Können Sie diese positiven Auswirkungen irgendwie messen oder belegen?

Blasberg-Bense: Also, das ist in der Schule immer ganz schwierig. Wir bilden Menschen aus, um verantwortlich diese demokratische Gesellschaft mitzugestalten, und die langfristigen Effekte können Sie ja nicht ein halbes Jahr später messen. Aber das wird sich sicherlich in den nächsten Jahren zeigen, an den Besucherzahlen im Ballett, an dem Interesse an Kultur. Aber wir sehen auch kurzfristige Effekte da, wo die Projekte stattgefunden haben, und zwar daran, dass das Interesse weiter hoch ist.

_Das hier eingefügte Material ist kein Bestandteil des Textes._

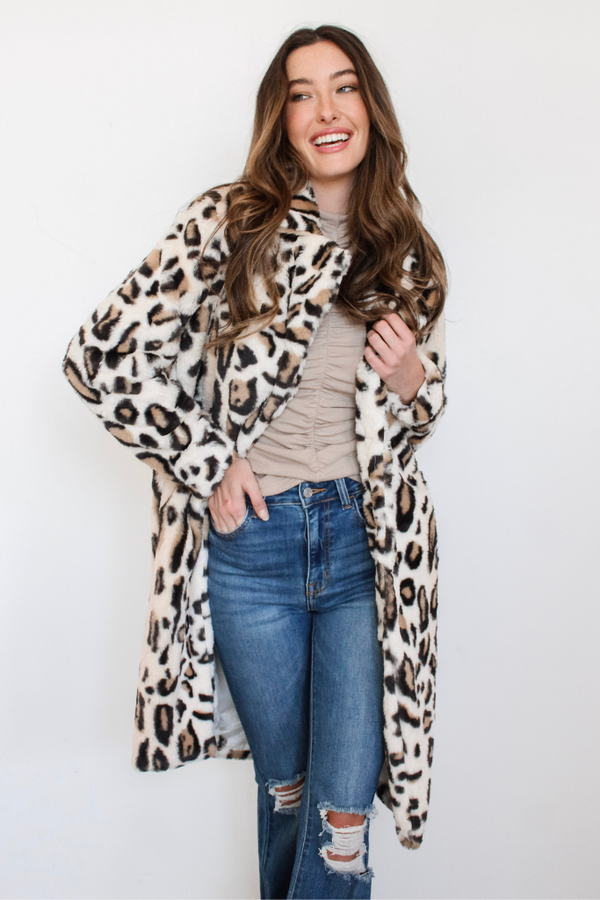 Simone Luxe Leopard Coat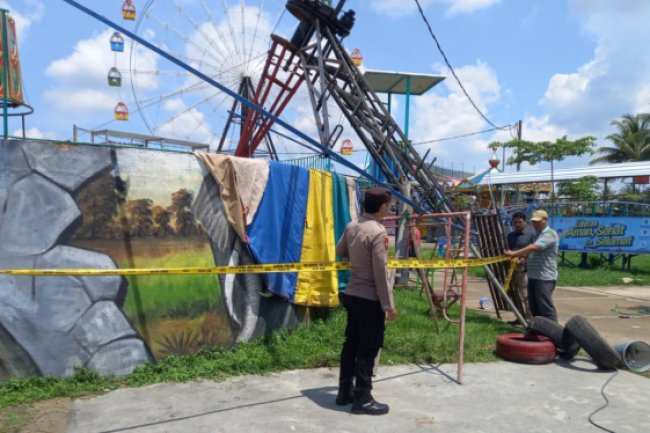 Ambruk Wahana Swinger Banyuwangi Night Amazing, Diduga Ada Kerusakan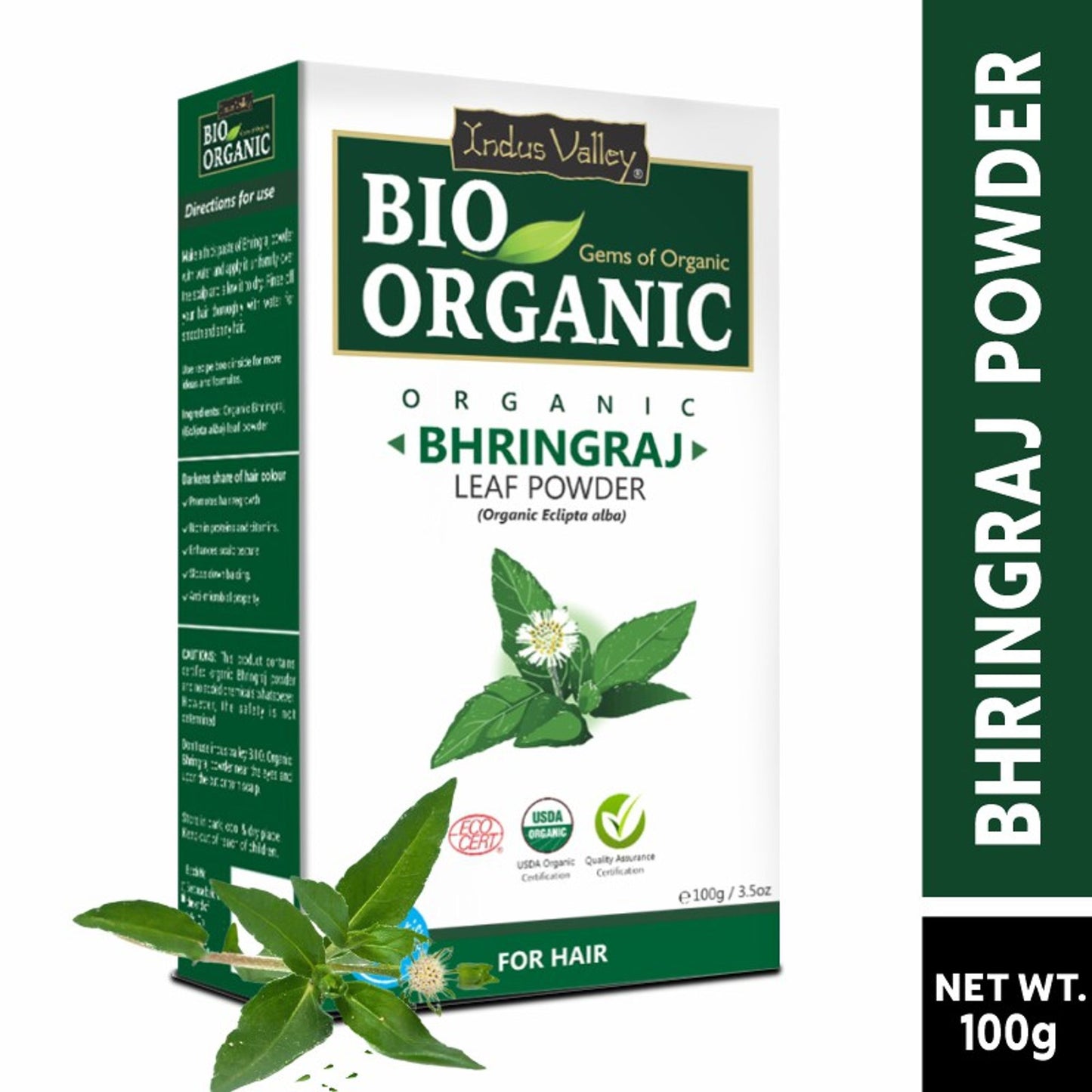Indus Valley Bhringraj Powder Hair Growth, Reduces Hair Fall & Scalp Care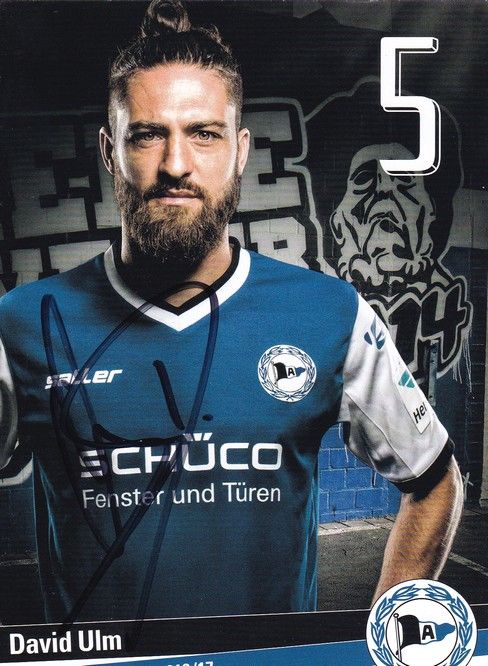Autogramm Fussball | DSC Arminia Bielefeld | 2016 | David ULM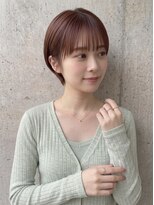 ヴィサージュ ギンザ VISAGE GINZA&nbsp;艶感マロンブラウン×大人丸みショートボブ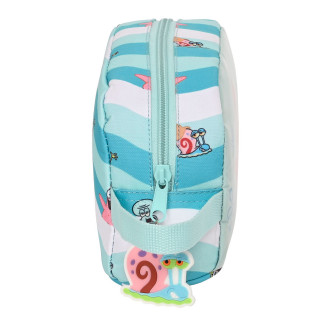 Sac glacière goûter Spongebob Stay positive Bleu Blanc (21.5 x 12 x 6.5 cm)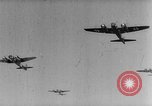 Image of German JU-88 bombers blitz bombing England London England United Kingdom, 1940, second 19 stock footage video 65675045588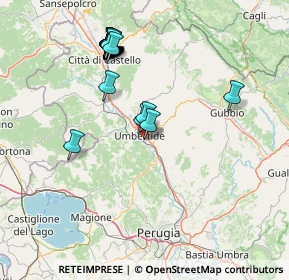 Mappa Via 1ᵒ Maggio, 06019 Umbertide PG, Italia (16.559)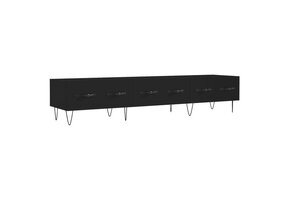 VidaXL TV-meubel 150x36x30 cm Bewerkt Hout Zwart - 34% Korting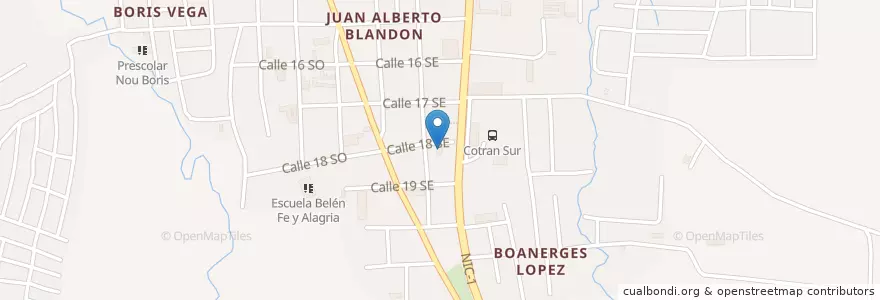 Mapa de ubicacion de Iglesia Amor Viviente en ニカラグア, エステリ県, Estelí (Municipio), Estelí.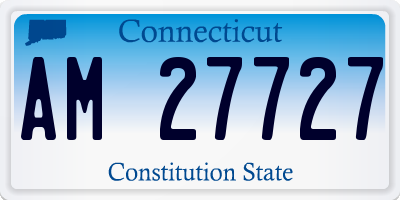 CT license plate AM27727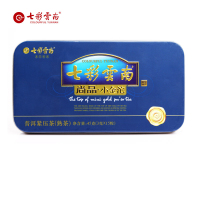 陆羽会七彩云南尚品小金沱普洱茶熟茶小沱茶3g*15粒装正品普洱45g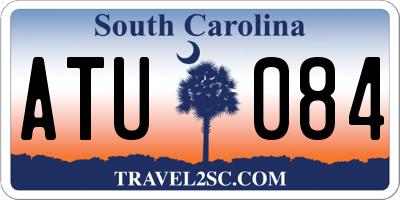 SC license plate ATU084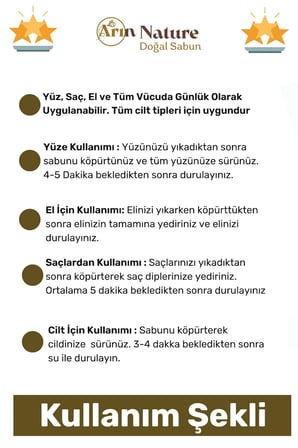 #Bıttım  Güzel Kokulu El Yüz Saç Vücut Orijinal Bitkisel Siirt Bıttım Sabunu 120G - 8 Adet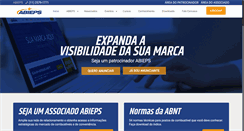 Desktop Screenshot of abieps.com.br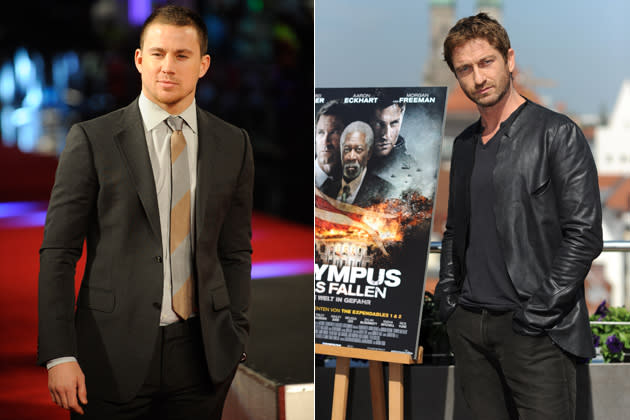 Channing Tatum und Gerard Butler spielen je die Hauptrolle in den Actionstreifen (Bilder: ddp images)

Kaiser: Kulturelle Bildung ist ein Wert an sich. Es geht dabei nicht darum, dass bestimmte Inhalte vermittelt werden, die hinterher abfragbar sind. Sondern ich glaube, man gewinnt mit Hilfe der Kultur eine positive Einstellung zum Leben. Ästhetische Fragestellungen und Überlegungen können auch dazu führen, über sich selbst mehr zu erfahren und sich seiner selbst immer wieder neu zu vergewissern. Und das ist doch insbesondere wichtig für Menschen aus Elternhäusern, in denen Kultur bisher keinen hohen Stellenwert hatte. Das betrifft die eigene Haltung und genauso den Respekt vor anderen, das gehört zur demokratischen Kultur. Das halte ich für essenziell.

Blasberg-Bense: Genau. Wie lang eine Ausbildung dauert, welche Entbehrungen man auf sich nehmen muss – das ist ja für den durchschnittlichen deutschen Schüler erst mal überraschend: Da ist jemand, der ist mit 18 seit drei Jahren nicht mehr bei seiner Familie, probt hier zehn Stunden am Tag und hat anschließend vielleicht noch eine Aufführung. Ich glaube, dass da eine Reflexion in Gang kommt über die eigenen Zukunftspläne und dass man dadurch eine andere Wertschätzung für den Beruf des Tänzers hat.

Also auch ein Vorbild für ein anderes Lebensmodell, in dem es nicht um pragmatische Abwägung von Aufwand und Nutzen geht, sondern: Wie könnte mein Leben aussehen, wenn ich leidenschaftlich für etwas brenne?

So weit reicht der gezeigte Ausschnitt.